Decision Date28 November 1893
Docket Number1,167
Citation35 N.E. 842,8 Ind.App. 330
PartiesJACKSON SCHOOL TOWNSHIP v. SHERA
CourtIndiana Appellate Court

From the Decatur Circuit Court.

Judgment reversed, with instructions to grant a new trial.

W. A Moore and F. E. Gavin, for appellant.

S. A Bonner, M. D. Tackett and B. F. Bennett, for appellee.

DAVIS C. J. GAVIN, J., did not participate in this decision.

OPINION

DAVIS, C. J.

This was an action by the appellee to recover damages for breach of contract entered into between appellee and appellant, for services as a teacher in the public schools of said township.

The material allegations in the complaint are the same as in School Town of Milford v. Zeigler, 1 Ind.App. 138, 27 N.E. 303, with the exception that in the case cited the contract was in writing, and the action was against the school town, while this is against the school township.

The learned counsel for appellant, in a cogent brief, earnestly contend that the complaint is bad because the school township can not be held to respond in damages for the breach of an executory contract of this kind, when the corporation has received no benefit whatever, and cite, in support of this proposition, Bloomington School Township, etc., v. National School Furnishing Co., 107 Ind. 43, 7 N.E. 760; Boyd v. Mill Creek School Township, 114 Ind. 210, 16 N.E. 511; Honey Creek School Township v. Barnes, 119 Ind. 213, 21 N.E. 747; Litten v. Wright, etc., 1 Ind.App. 92, 27 N.E. 329.

We heartily concur in the principles enunciated in those cases, but whatever our conclusion might be relative thereto, as applied to this case, it will suffice for the present to say that under the decisions of the Supreme Court, although the exact question here presented does not seem to have been considered, the liability of the school township for damages on account of the breach of such executory contract on the part of the trustee has been recognized. School Town of Milford v. Powner, 126 Ind. 528, 26 N.E. 484; Reubelt v. School Town of Noblesville, 106 Ind. 478, 7 N.E. 206.
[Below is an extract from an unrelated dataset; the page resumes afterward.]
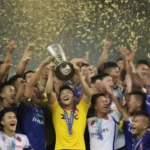 Cầu thủ Hà Nội FC nâng cao chiếc cúp vô địch V-League 2017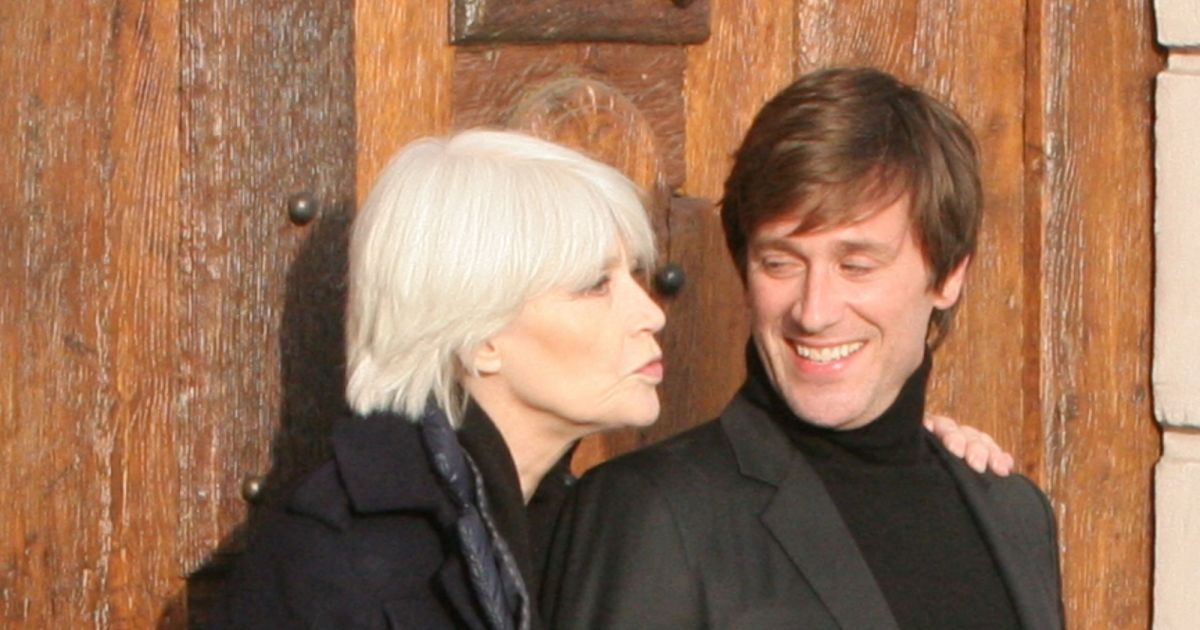 Exclusif - Françoise Hardy Et Son Fils Thomas Dutronc Se Baladent Le ...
It is also insisted that the contract was invalid because it was merely verbal, and should have been reduced to writing. No authority, however, has been cited which supports this proposition. The statute, so far as our attention has been called thereto, does not so provide. Sections 4444 and 5993, R. S. 1881.

In Fairplay School Township v. O'Neal, 127 Ind. 95, 26 N.E. 686, Judge ELLIOTT, in speaking for the Supreme Court, says: "It is, we may say in passing, not altogether clear that the statute does not require that all contracts shall be in writing and be recorded, but we do not deem it necessary to decide that question."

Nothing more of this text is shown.